All or almost all publishing agreements should be in writing. Whilst English law tolerates unwritten contracts, those which involve a legal assignment of copyright or an exclusive licence of copyright within the meaning of the legislation must be in writing. Even where a publishing arrangement does not involve an assignment or exclusive licence, it is sensible to prepare a written agreement. A good written agreement provides the best evidence of the contract, helps ensure that the parties are of one mind, reduces the risk of a dispute and helps with the management of a dispute should one arise. A lack of good contractual documentation can render a publishing business unsaleable.

6. Fees, royalties and advances

A publishing agreement will typically provide for an author to be remunerated either by the payment of an agreed fee or by the payment of a royalty. Where payment is by way of royalty, there may also be an advance, which will need to be earned-out before the royalty payments commence. Agreements featuring assignments of copyright tend to work better with fee-based payments, while agreements featuring licences of copyright tend to work better with royalty-based payments, but in practice many agreements combine assignments and royalties or licences and fees.

7. Works and warranties

A publisher will usually ask an author to warrant (that is, affirm the truth of) various statements regarding the work to be published. For example, a publisher might ask an author to warrant that the work is the original creation of the author, that it has never been previously published, and that it won't infringe the copyright of any third party. Many of the warranties in a publishing contract will be directed at the issue of content liability. This is because the publisher - and sometimes others involved in the publication and distribution of a work - may be liable in the event that the work contains legally problematic material.

8. Forms of content liability

There are many different ways that legal rights can be infringed, and many different sorts of legal wrongs that can be committed, by the simple act of publishing a written work. For example, a single work could: be libellous or maliciously false; be obscene or indecent; infringe copyright, moral rights, database rights, trade mark rights, design rights, rights in passing off, or other intellectual property rights; infringe rights of confidence, rights of privacy, or rights under data protection legislation; constitute negligent advice; constitute an incitement to commit a crime; be in contempt of court, or in breach of a court order; be in breach of racial or religious hatred or discrimination legislation; be blasphemous; or be in breach of official secrets legislation.

9. Moral rights

Moral rights arise in relation to most works that attract the protection of copyright. Unlike copyright moral rights cannot ordinarily be transferred, although as a matter of English law at least they can be waived.  The most important moral rights are the right of paternity (i.e. attribution), the right to object to the derogatory treatment of a work, and the right to object to the false attribution of a work.

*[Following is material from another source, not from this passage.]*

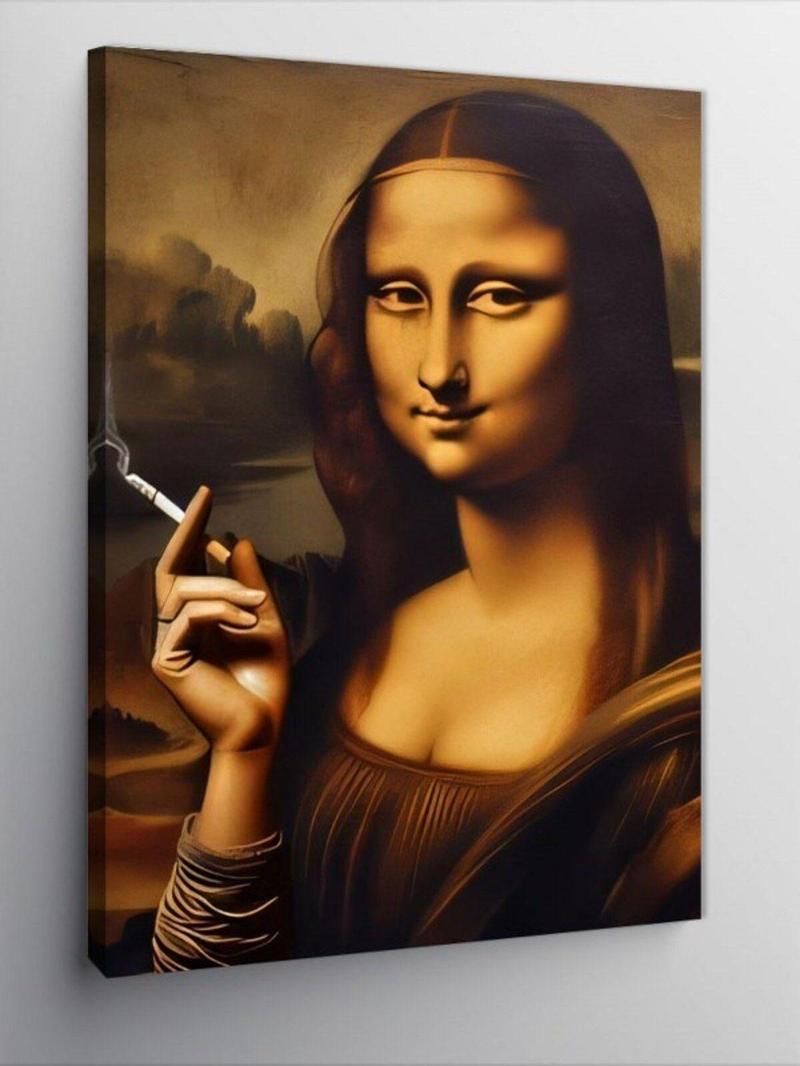 Kanvas Tablo Sigara İçen Mona Lisa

10. Publishing law and litigation

Publishing companies are quite risk adverse, and rarely litigate. In particular, they rarely sue individual authors, partly because authors may not have assets worth pursuing, partly because of the expense of litigation, but also because they do not want to be perceived as being unfriendly to authors.


Dear Alasdair

I was wondering if you could help me please.

Can you sue an online review website for publishing blatent lies or repeating false or unproven and damaging accusations about you or your business (in the UK?)

Thank you,

Kind regards


Hi Stephen - Whether any particular set of circumstances give rise to a right to sue is a complex question, requiring a full analysis of all the relevant facts.

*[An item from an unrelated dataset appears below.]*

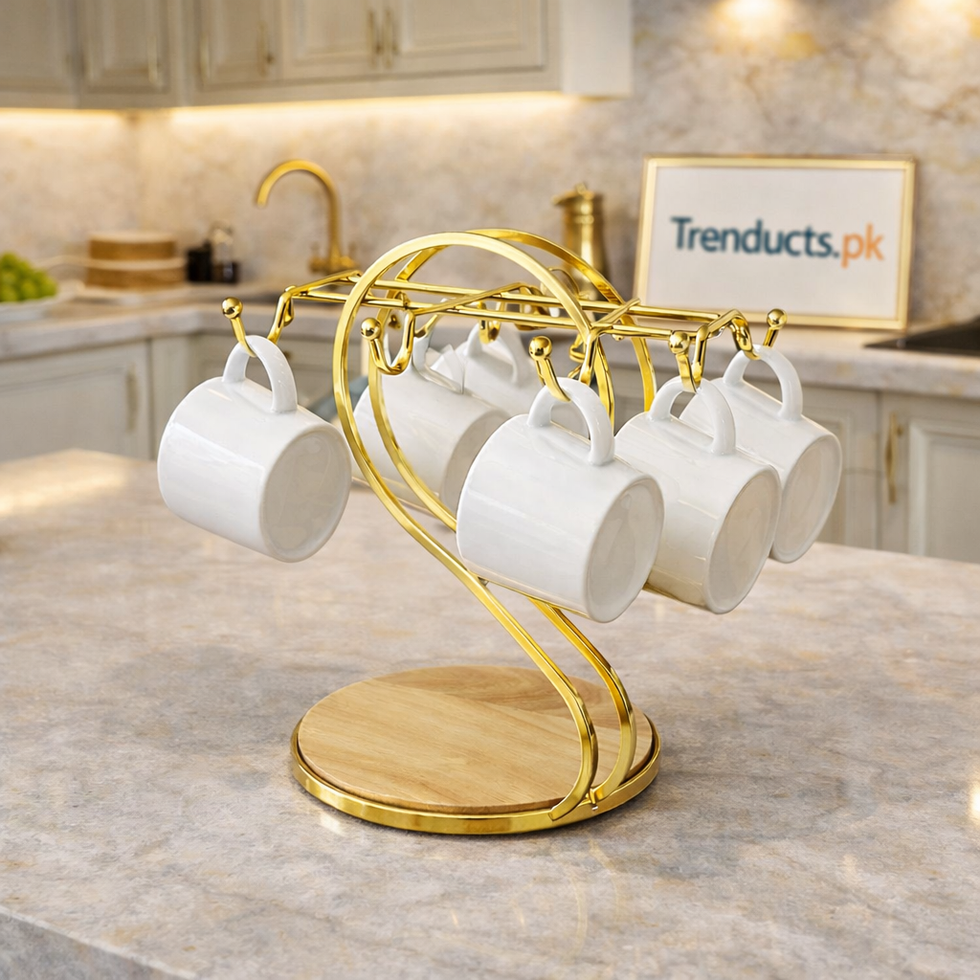 Premium Golden Stainless Steel Cup Holder - Luxury Kitchen Organizer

Bearing this caveat in mind, if the untrue statements are being published in the UK, and if they are likely to materially damage your reputation or that of your company, you may have a right to bring proceedings for defamation in the UK courts. If the statements were published maliciously ,you may have a right of action in the tort of malicious falsehood (e.g. slander of goods).

If the review website has not itself produced the offending content - if it was posted by a user - the website operator may have access to defences under Section 1 of the Defamation Act 1996 and/or Regulations 17-19 of the Electronic Commerce (EC Directive) Regulations 2002.

If the organisation or individual running the online review website is not based in UK or does not have significant assets, then it may be harder to pursue / commercially justify legal proceedings.

As you can probably tell from all these "ifs", this is the sort of question that cannot be properly answered without all the facts.  I suggest that you contact a defamation lawyer to discuss the situation.  If you need details of an appropriate person, please let me know.

Hi Alasdair,

Does the author or publishing house have to advise or gain permission from a victim's family when writing about an event and publishing photos of the victim? Victim is no longer with us.

Thank you


Without knowing all the details, the best I can do is give some vague guidance.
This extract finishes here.